Пока наступит следующая весна, Фабр успеет на тысячи ладов продумать самые невероятные варианты ответа на загадку и посоветуется со стариком Дюфуром; он напишет ему и о ситарисах и о других паразитах антофор из того же гнездовья. Отвечая на вопросы молодого коллеги, Дюфур расскажет, как он, занимаясь в свое время пчелами андренами, обнаруживал на них маленькие юркие существа, в которых узнал описанных англичанином Ньюпортом триунгулин. Они оказались личинками жука майки!
Письмо Дюфура открыло глаза Фабру. В самом деле, личинка ситариса во многом похожа на триунгулина майки; майка тоже паразитирует на пчелах антофорах; личинки жуков-паразитов схожи между собой и в то же время отличаются от личинок других жуков; есть основания предположить, что повадки маек и ситарисов также сходны. Но известно, что пчелы сами заносят личинок майки в свои гнезда. Не то же ли происходит и с личинками ситариса?

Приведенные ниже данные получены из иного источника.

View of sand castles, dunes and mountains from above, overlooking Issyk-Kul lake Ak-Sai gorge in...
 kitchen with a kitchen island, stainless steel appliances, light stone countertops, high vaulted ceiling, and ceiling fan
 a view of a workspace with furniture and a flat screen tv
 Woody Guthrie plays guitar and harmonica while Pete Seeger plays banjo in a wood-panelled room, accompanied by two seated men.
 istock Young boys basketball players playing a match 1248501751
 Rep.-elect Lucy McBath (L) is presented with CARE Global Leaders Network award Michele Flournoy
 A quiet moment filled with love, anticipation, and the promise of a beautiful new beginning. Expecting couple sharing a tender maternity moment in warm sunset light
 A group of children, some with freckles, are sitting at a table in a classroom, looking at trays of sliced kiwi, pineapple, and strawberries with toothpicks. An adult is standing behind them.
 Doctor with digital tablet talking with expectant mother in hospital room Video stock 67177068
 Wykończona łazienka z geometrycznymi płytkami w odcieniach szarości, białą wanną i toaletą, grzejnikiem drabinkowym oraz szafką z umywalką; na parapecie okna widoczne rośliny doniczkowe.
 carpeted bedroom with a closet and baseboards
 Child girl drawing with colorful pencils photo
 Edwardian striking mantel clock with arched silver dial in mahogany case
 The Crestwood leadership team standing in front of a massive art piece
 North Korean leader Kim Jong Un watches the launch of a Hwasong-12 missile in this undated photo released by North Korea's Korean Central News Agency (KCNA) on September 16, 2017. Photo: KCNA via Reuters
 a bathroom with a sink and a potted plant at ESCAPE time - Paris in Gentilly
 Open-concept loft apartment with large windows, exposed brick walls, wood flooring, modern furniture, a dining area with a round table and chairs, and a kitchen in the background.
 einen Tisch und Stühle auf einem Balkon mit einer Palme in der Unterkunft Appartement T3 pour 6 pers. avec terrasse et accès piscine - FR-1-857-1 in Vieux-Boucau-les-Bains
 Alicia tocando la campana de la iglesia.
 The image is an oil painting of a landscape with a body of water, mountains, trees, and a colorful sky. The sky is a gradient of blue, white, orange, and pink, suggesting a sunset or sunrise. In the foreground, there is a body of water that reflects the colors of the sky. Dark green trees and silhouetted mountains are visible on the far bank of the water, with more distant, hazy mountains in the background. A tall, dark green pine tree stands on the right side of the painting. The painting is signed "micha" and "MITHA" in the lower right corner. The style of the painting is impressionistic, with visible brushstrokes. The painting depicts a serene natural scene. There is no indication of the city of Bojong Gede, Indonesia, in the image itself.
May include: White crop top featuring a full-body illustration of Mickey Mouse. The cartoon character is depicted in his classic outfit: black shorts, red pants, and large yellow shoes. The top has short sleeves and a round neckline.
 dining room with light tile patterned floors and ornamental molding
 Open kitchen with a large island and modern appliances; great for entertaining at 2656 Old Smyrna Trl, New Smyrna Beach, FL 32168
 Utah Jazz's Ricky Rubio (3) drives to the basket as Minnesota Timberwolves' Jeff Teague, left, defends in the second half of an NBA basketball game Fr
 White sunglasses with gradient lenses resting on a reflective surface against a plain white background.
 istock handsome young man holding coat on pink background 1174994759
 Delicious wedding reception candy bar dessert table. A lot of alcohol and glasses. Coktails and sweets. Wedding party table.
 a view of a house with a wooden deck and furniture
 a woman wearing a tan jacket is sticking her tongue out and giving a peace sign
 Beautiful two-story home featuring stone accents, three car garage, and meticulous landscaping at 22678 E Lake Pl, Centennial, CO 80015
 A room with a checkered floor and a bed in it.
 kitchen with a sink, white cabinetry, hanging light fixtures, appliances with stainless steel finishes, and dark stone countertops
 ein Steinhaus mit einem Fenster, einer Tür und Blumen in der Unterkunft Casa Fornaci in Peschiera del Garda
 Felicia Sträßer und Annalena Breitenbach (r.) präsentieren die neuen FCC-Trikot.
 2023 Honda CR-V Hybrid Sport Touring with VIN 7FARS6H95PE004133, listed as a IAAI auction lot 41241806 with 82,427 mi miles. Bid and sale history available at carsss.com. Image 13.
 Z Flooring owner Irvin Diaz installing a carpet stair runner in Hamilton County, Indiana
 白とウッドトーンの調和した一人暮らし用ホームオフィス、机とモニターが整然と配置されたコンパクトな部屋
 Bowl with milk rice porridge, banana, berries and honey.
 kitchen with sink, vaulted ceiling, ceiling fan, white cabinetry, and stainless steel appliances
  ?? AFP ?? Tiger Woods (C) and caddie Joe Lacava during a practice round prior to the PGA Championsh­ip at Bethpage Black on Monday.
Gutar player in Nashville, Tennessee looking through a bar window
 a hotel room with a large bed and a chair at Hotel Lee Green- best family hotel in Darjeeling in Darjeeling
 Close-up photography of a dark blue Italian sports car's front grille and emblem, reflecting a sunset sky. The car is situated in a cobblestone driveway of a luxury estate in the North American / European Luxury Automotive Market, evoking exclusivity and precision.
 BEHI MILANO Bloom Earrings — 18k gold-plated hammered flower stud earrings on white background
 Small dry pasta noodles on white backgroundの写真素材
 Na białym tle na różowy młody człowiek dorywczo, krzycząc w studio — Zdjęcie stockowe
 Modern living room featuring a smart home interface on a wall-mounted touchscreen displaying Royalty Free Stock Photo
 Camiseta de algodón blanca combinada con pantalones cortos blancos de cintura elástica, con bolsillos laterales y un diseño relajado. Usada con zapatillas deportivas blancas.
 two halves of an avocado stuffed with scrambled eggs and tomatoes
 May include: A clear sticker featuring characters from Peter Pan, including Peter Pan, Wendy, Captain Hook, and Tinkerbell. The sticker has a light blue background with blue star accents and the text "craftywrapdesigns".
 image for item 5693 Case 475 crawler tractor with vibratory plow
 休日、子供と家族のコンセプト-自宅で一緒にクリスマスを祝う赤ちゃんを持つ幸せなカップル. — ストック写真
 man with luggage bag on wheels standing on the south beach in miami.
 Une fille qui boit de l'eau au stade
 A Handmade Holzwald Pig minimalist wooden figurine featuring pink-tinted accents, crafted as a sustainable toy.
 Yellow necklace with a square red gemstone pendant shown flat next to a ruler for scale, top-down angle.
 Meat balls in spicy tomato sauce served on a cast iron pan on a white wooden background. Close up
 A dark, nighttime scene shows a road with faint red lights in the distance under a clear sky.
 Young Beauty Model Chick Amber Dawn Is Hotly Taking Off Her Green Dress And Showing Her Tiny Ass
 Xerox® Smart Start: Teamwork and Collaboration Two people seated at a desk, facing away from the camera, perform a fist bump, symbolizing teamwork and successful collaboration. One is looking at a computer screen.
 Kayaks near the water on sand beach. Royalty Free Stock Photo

Подошел апрель. В стаканах проснулось новое поколение перезимовавших личинок. Фабр бросает в стакан пчелу осмию (антофор у него сейчас нет) и следит сквозь лупу за событиями. Ага! Пять юрких личинок впиваются в пушок, покрывающий пчелу. Фабр повторяет опыт дважды, трижды, десять раз — результат тот же.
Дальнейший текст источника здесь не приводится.